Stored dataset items
....
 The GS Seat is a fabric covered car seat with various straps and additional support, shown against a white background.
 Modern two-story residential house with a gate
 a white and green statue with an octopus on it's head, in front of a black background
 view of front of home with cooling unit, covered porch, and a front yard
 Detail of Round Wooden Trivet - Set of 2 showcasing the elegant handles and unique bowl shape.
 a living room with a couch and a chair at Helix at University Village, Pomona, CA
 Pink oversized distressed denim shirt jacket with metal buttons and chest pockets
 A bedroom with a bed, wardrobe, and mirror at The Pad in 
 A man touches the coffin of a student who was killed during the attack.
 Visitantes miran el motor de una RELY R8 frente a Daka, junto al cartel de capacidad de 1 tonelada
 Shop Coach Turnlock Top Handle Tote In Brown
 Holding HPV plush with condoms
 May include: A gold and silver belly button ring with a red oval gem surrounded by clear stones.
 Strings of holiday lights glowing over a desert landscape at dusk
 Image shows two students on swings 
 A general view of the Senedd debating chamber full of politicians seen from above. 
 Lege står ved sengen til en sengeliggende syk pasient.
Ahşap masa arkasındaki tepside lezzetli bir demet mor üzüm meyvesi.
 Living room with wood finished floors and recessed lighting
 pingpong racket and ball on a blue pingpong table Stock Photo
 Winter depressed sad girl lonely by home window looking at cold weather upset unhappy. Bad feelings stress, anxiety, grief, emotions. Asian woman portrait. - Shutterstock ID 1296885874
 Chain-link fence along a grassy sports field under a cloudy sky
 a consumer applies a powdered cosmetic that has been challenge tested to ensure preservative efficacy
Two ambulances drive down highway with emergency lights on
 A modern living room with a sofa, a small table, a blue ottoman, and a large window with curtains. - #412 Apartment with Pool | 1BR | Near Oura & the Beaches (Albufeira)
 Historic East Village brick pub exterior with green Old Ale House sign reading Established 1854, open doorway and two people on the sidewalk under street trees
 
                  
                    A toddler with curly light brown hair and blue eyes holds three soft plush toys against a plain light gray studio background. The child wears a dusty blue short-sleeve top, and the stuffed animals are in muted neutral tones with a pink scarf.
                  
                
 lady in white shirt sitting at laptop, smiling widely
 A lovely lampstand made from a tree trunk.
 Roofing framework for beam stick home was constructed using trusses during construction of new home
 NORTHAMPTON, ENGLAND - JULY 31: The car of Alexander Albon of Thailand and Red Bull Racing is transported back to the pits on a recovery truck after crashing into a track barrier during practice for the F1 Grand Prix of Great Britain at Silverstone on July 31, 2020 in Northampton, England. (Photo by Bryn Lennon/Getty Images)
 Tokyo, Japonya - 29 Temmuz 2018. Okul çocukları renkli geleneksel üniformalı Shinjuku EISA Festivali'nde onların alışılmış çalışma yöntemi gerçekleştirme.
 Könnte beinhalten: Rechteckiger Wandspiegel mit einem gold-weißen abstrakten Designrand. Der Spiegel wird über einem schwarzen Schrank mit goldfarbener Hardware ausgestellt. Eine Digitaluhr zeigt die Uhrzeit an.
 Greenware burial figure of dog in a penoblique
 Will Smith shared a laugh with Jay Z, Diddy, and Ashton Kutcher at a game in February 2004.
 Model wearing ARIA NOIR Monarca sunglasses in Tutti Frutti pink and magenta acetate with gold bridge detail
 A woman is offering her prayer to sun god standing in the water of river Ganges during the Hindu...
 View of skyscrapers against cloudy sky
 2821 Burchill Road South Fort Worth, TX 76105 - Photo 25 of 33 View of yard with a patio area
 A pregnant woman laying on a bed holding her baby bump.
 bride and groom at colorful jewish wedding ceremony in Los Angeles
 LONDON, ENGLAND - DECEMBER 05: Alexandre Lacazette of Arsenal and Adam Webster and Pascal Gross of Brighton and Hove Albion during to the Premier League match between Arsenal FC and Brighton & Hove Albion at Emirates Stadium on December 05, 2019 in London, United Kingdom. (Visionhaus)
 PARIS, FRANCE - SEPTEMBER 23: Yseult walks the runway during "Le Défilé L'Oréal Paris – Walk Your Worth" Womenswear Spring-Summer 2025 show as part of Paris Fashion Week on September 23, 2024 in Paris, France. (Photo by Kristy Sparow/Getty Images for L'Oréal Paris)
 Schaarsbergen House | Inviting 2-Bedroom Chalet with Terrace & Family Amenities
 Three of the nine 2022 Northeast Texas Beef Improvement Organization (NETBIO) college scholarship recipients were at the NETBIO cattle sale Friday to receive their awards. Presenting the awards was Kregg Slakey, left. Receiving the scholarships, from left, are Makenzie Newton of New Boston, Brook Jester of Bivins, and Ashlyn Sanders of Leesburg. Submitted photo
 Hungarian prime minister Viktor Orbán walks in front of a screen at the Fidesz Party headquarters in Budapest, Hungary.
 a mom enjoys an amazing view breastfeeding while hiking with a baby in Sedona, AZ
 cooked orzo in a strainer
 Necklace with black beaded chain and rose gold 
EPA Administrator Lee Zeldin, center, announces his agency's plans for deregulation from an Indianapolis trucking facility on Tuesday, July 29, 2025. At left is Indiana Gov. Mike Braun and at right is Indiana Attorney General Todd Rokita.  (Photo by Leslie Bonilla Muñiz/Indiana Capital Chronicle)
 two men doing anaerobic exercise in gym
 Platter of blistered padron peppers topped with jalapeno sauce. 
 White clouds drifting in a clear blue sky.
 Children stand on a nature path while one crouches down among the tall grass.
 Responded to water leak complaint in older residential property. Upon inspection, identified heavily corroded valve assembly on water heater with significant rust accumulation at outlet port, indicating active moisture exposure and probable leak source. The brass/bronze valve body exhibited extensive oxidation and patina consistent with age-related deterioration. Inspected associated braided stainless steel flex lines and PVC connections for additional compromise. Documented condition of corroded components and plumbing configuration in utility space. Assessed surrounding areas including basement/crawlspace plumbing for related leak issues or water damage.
....
• About this exercise
From the opening line of the data above through the line holding "a white and", give every line again exactly as it stands.

• Response area
 The GS Seat is a fabric covered car seat with various straps and additional support, shown against a white background.
 Modern two-story residential house with a gate
 a white and green statue with an octopus on it's head, in front of a black background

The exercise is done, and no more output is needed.